Australian rugby league footballer

Paul Quinn (born 18 April 1972) is an Australian former professional rugby league footballer who played for Parramatta, Penrith and South Sydney in the 1990s.

A St Gregory's College product, Quinn earned Australian schoolboys representative selection in 1990 and was signed by Parramatta in what was reported to be one of the most lucrative contracts ever offered to a schoolboy player.

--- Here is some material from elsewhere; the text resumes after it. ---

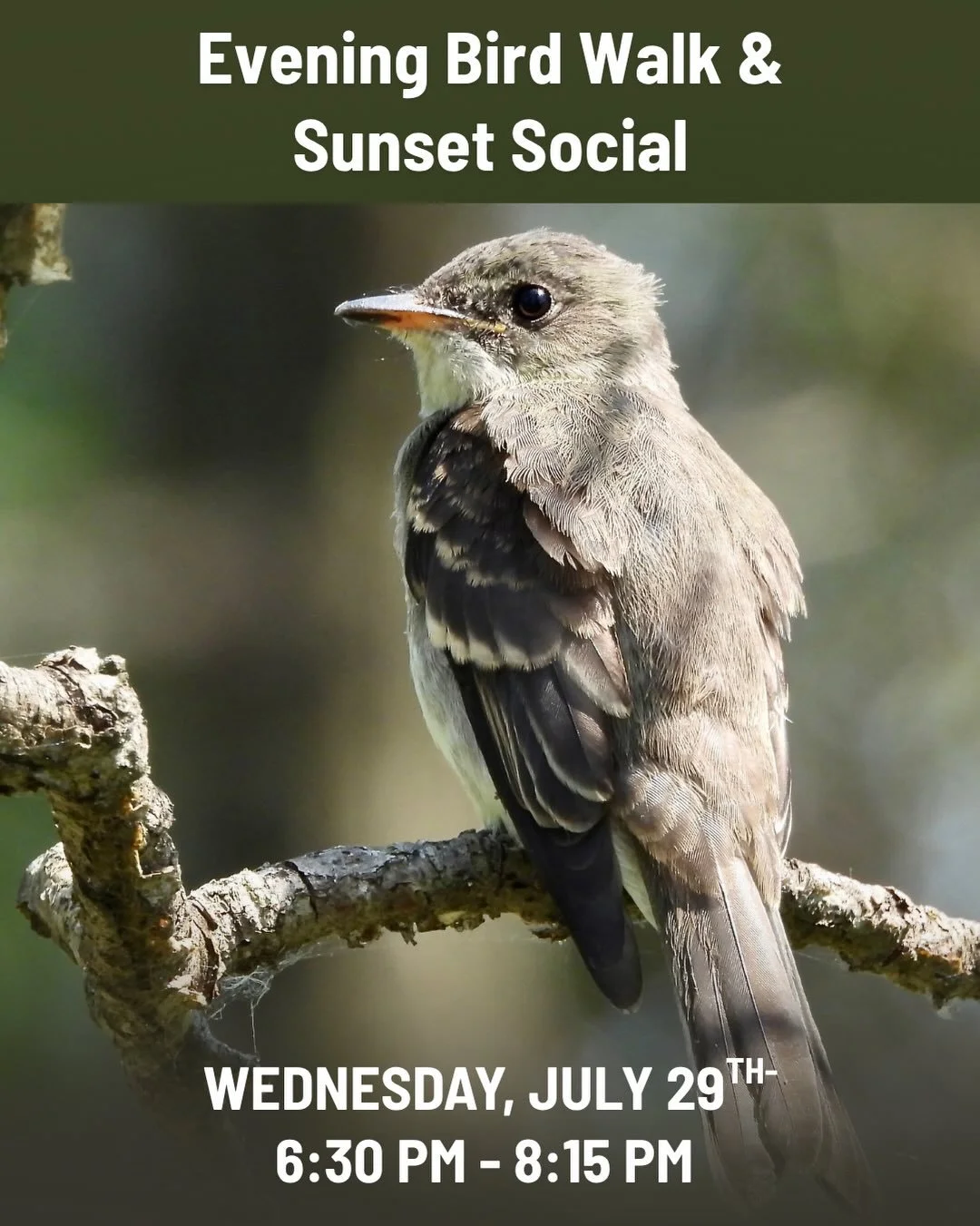 🌅 Spend your Wednesday evening surrounded by birds, nature, good company, and a beautiful Lake County sunset.

There&rsquo;s something special about being outdoors as the day begins to wind down. The light softens, birds become active again, and nat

Quinn, a back rower, was unable to establish himself in Parramatta's first-grade team, with most of his appearances coming off the bench, and crossed to Penrith for the 1993 NSWRL season.

In 1994 he joined South Sydney and was a member of the team which upset the Brisbane Broncos to win the Challenge Cup in the 1994 pre season. His 1994 season was ultimately cruelled by a knee injury, but he made regular appearances in 1995 as a second rower and again in 1996, mostly at lock.